HOW TO COMPLETE THIS TASK:
Transcription task. Write out each entry verbatim and exclude any image.
--- DATA SECTION Enclosed Below ---
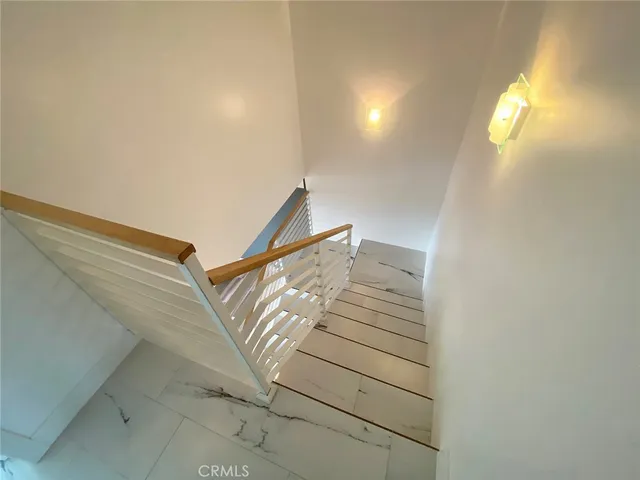 a view of staircase with white walls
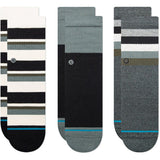 Stance Kid's Bounce Back Casual Crew Sock 3-Pack 2024 - A three-pack of casual crew socks in various colors, featuring a striped pattern on the top portion and solid-colored toes.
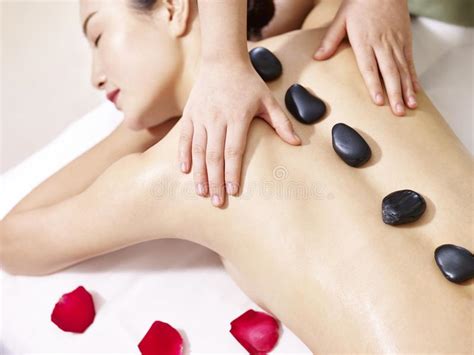 massage of woman in spa salon luxary interior oriental therapy stock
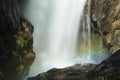 Blurred motion of a waterfall with a rainbow in mist. Royalty Free Stock Photo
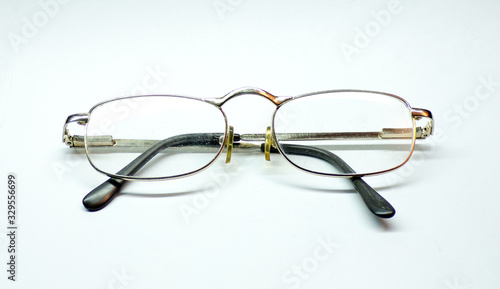 Vision glasses are isolated on a white background. Real Granny glasses for reading books and Newspapers . Glasses with close -up lenses. Old- fashioned classic glasses for vision correction.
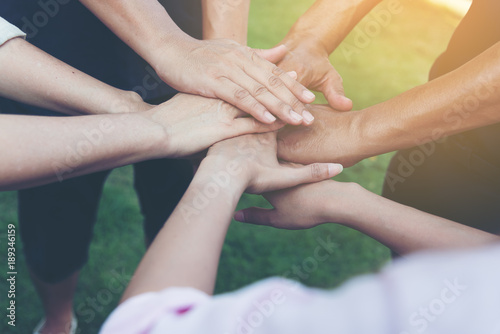 Closeup of stack of hands. Colleague putting their hands on top of each other symbolizing unity and teamwork while doing activity outdoor. People joining hand together as a business goal achievement.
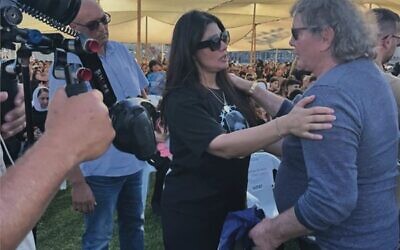 Peter Lavac meeting a Druze mother whose young daughter Alma, and 11 other children, were killed by a Hezbollah rocket while playing soccer in Madjal Shams.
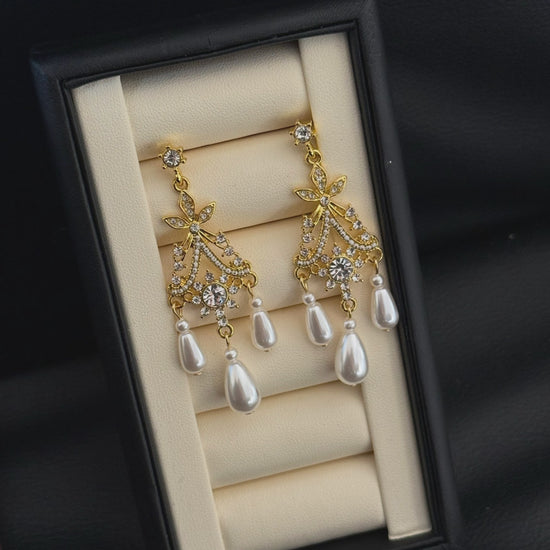Video view of court statement high-lustre freshwater pearl earrings styled for wedding guest looks
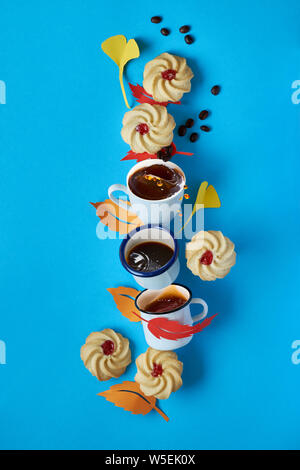 Herbst, ausgleichende Turm von Spritzen, Kaffeetassen, Cookies und Blätter im Herbst auf blauem Hintergrund Stockfoto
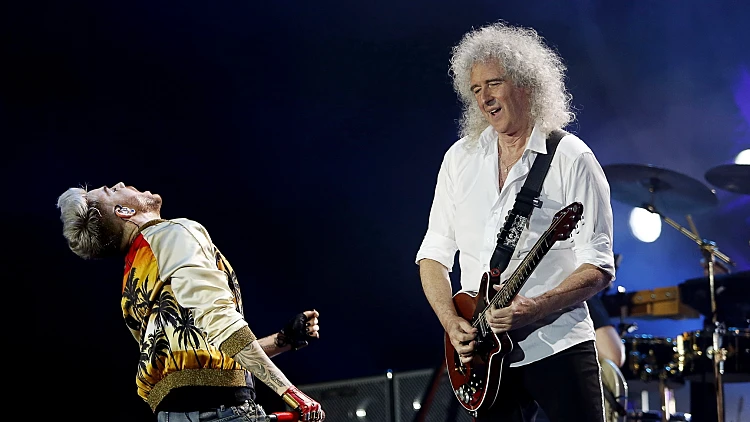 אדם למברט ולהקת קויין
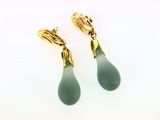 paire de boucles d'oreilles pendantes en verre vert rehaussées de touches dorées sur fond blanc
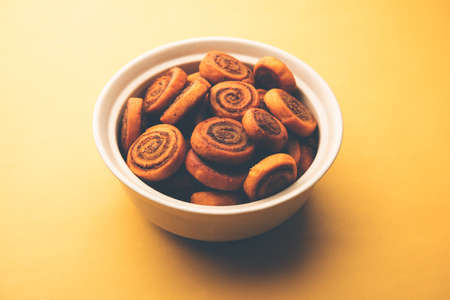 Indian Traditional tasty Snack Bhakarwadi Also Known as Bakarwadi, Bakarvadi, BhakarVadi or Bakar Wadi. Served in a plate or bowl. selective focusの写真素材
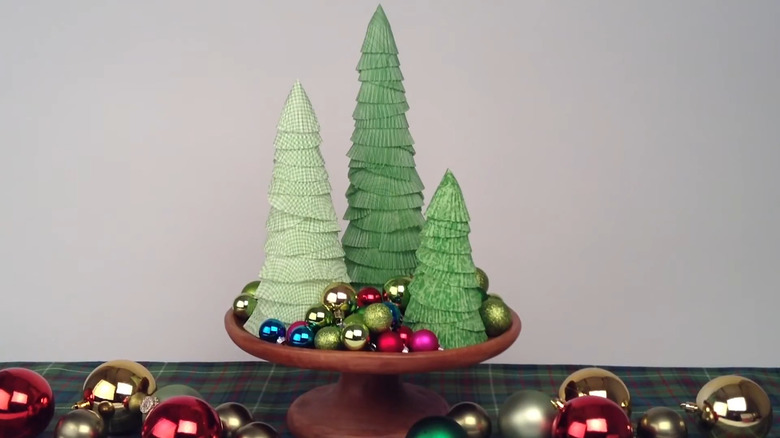 Cupcake liner trees in varying shades of green in a bowl decorated with shiny ornaments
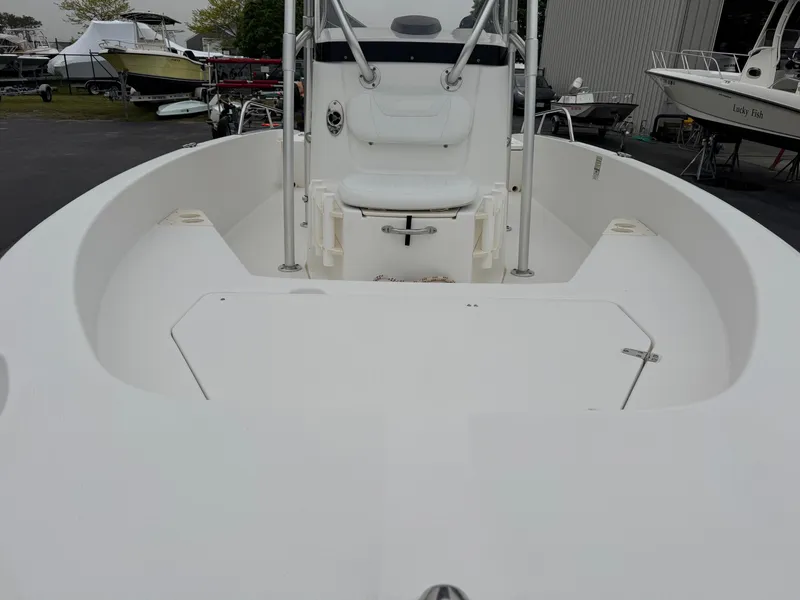 Slide: The Image of 2008 Boston Whaler 200 Dauntless boat interior, featuring spacious seating and sleek design. - 5
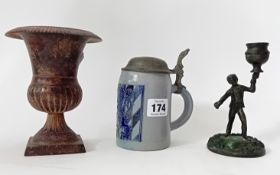 A stoneware Stein 1/4l jug with blue enamel rampant lion decoration and hinged metal lid, together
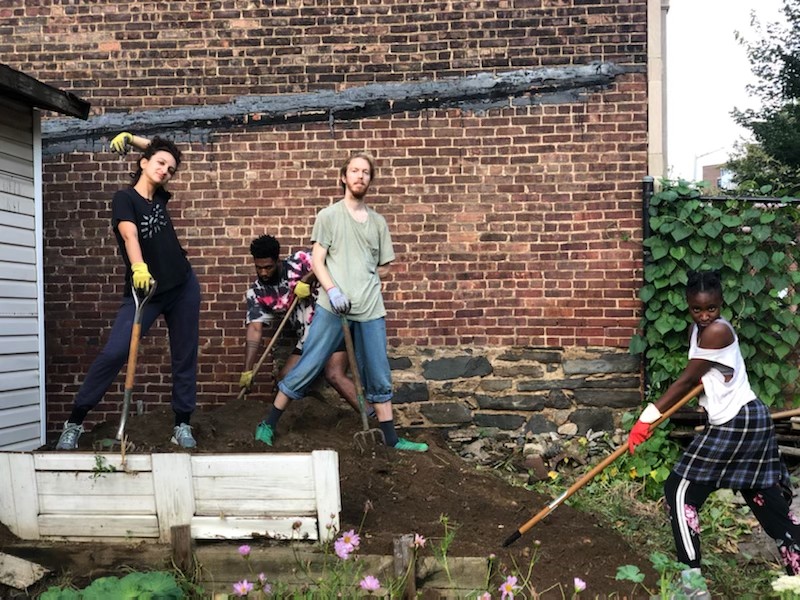 Image representing four dancers, on the pile of dirt in the community garden, facing front, having garden tools in their hands 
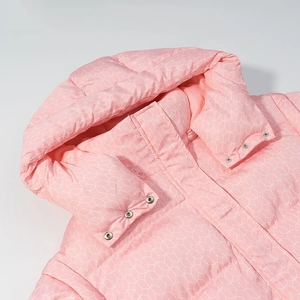 Close-up of pink hooded winter coat with white geometric prints and silver metal snaps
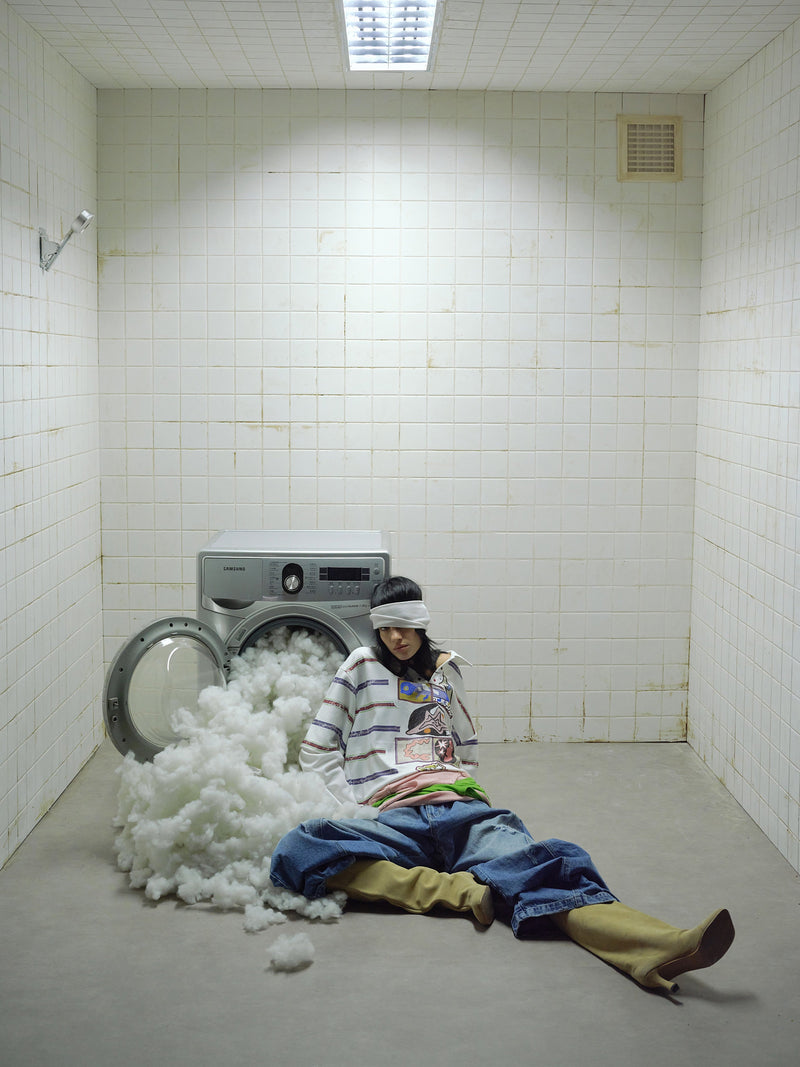 Model wearing white graphic long-sleeve polo shirt sitting beside open washing machine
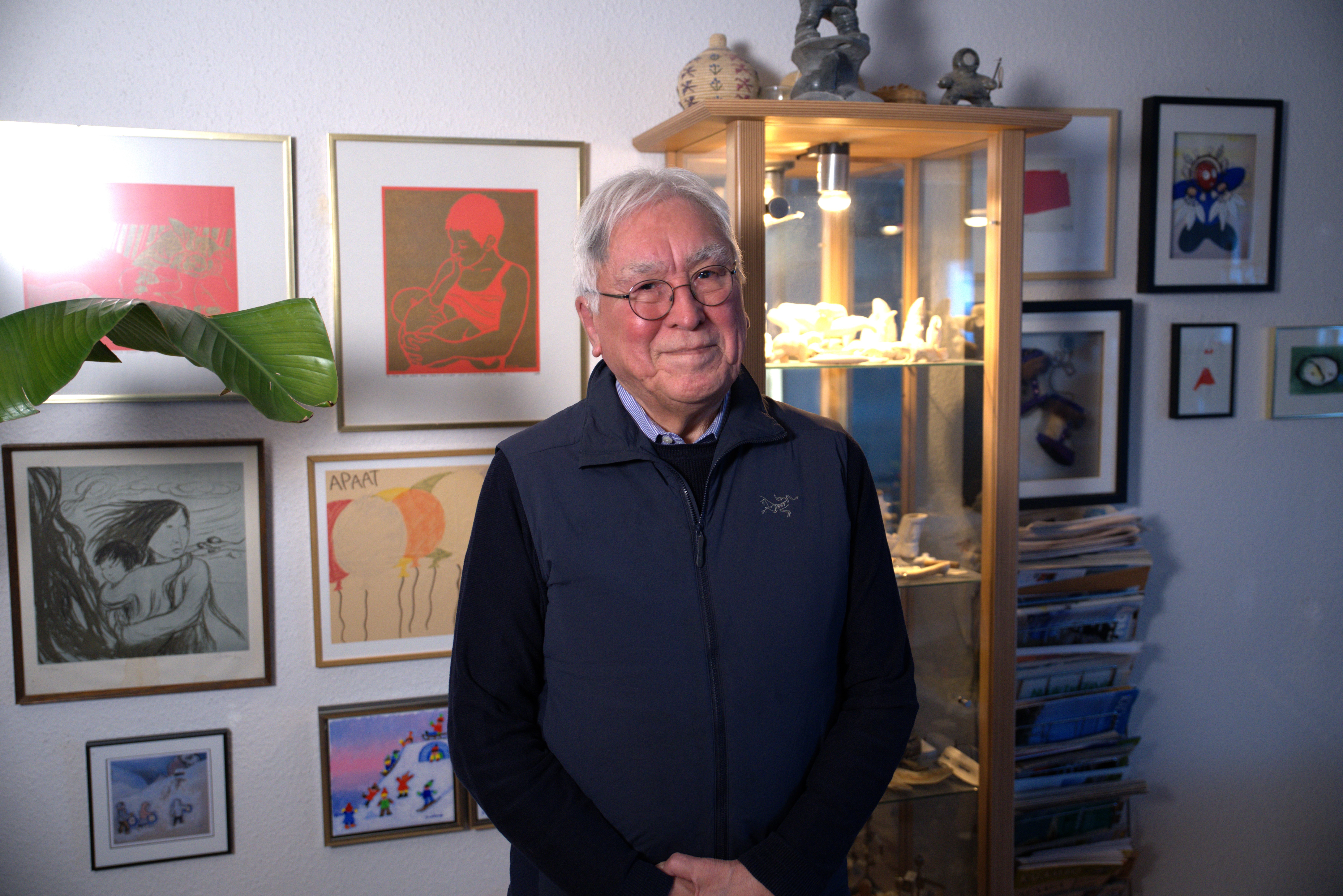 A white-haired man in a blue vest and black sweater stands in front of a wall of filled with artworks and a shelf of Inuit carvings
--- End of Enclosed DATA SECTION ---
OUTPUT OF THE TASK:
 a view of staircase with white walls
 Stance Kid's Bounce Back Casual Crew Sock 3-Pack 2024 - A three-pack of casual crew socks in various colors, featuring a striped pattern on the top portion and solid-colored toes.
 massage of woman in spa salon luxary interior oriental therapy stock
 Blurred motion of a waterfall with a rainbow in mist. Royalty Free Stock Photo
 Vision glasses are isolated on a white background. Real Granny glasses for reading books and Newspapers . Glasses with close -up lenses. Old- fashioned classic glasses for vision correction.
 Closeup of stack of hands. Colleague putting their hands on top of each other symbolizing unity and teamwork while doing activity outdoor. People joining hand together as a business goal achievement.
 Peter Lavac meeting a Druze mother whose young daughter Alma, and 11 other children, were killed by a Hezbollah rocket while playing soccer in Madjal Shams.
Video view of court statement high-lustre freshwater pearl earrings styled for wedding guest looks
 Herbst, ausgleichende Turm von Spritzen, Kaffeetassen, Cookies und Blätter im Herbst auf blauem Hintergrund Stockfoto
 אדם למברט ולהקת קויין
 paire de boucles d'oreilles pendantes en verre vert rehaussées de touches dorées sur fond blanc
 Indian Traditional tasty Snack Bhakarwadi Also Known as Bakarwadi, Bakarvadi, BhakarVadi or Bakar Wadi. Served in a plate or bowl. selective focusの写真素材
 Cupcake liner trees in varying shades of green in a bowl decorated with shiny ornaments
 Slide: The Image of 2008 Boston Whaler 200 Dauntless boat interior, featuring spacious seating and sleek design. - 5
 A stoneware Stein 1/4l jug with blue enamel rampant lion decoration and hinged metal lid, together
 Image representing four dancers, on the pile of dirt in the community garden, facing front, having garden tools in their hands 
 Close-up of pink hooded winter coat with white geometric prints and silver metal snaps
 Model wearing white graphic long-sleeve polo shirt sitting beside open washing machine
 A white-haired man in a blue vest and black sweater stands in front of a wall of filled with artworks and a shelf of Inuit carvings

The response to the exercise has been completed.